As we celebrate Mother’s Day the second Sunday every May and Father’s Day in the third Sunday in June every year in the United States, we as a society have to remind ourselves that single mothers are never a replacement father – they aren’t – as father’s do not replace mothers, as has been done so heinously through the unlimited resources of the internet. It is regretful that many have an absent parent in their life, though the statement of extra and undue credit points to alarming gender bias
(mostly to mothers on Father’s Day), giving them the double distinction and extra credit for filling the needs of 2 parental roles as having a higher priority and underappreciation while denying equal credit to single fathers, who exist in larger capacities than society will ever admit to.

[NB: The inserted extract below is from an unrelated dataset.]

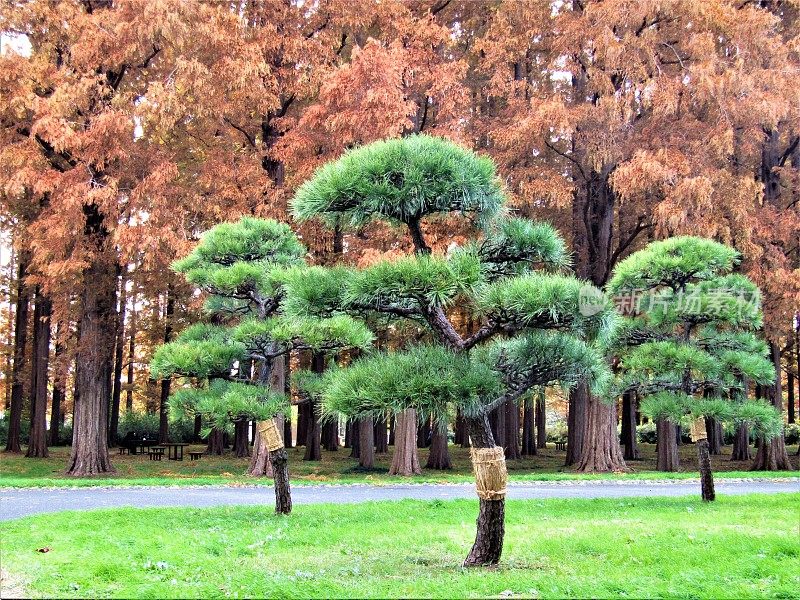 日本。11月。水杉林前的松树在为冬天做准备。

There are two parents only, a mom or dad. When the regretful situation arises that there is only one present, they other has no choice but to do it all as tha’ts what’s parents do.
A lot comes down to exposure of the percentage of the parent that does it and creates the gap in credit for equal parenting, especially as family life and values decay daily. This is a parental responsibility, not the “necessary” mother vs. father competition as touted by gender rights and civil rights agendas. Simply, in thought, if one parent is (mostly) absent, it doesn’t take any less meaning away from what the child needs and from whom.

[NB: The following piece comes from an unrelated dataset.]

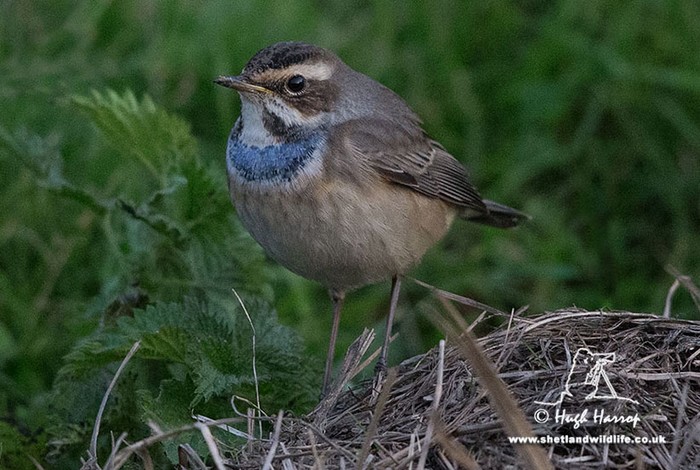 Bluethroat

The need to scrap these separate days is overwhelming. The disction(s) should be about making it into child celebration days – making it all about the child like it should be every day and not about individuals who are and are not there receiving the credit for doing what they were made into when the child was born by willing acceptance at the time of the child’s conception. There should be no openly acceptable reason for a child to be pushed into a preference of celebration on any dictated specification by society at any point of their days of any day of the year. I appreciate both of my parents every day, so perhaps we need to take one of the two days and make it parents appreciation day in response to the aforementioned child appreciation day. This is not a conformity or atrocity as some would allow you to believe; not a socialist concept as families are not a socialist value. This is parenting, plain and simple, and if you truly feel you need one special day for you to have special treatment by your child, you are not in the right position to be called a parent as you are putting your needs over that of the child, even if it is for just one day – something entirely immoral by any standard, accepted or not.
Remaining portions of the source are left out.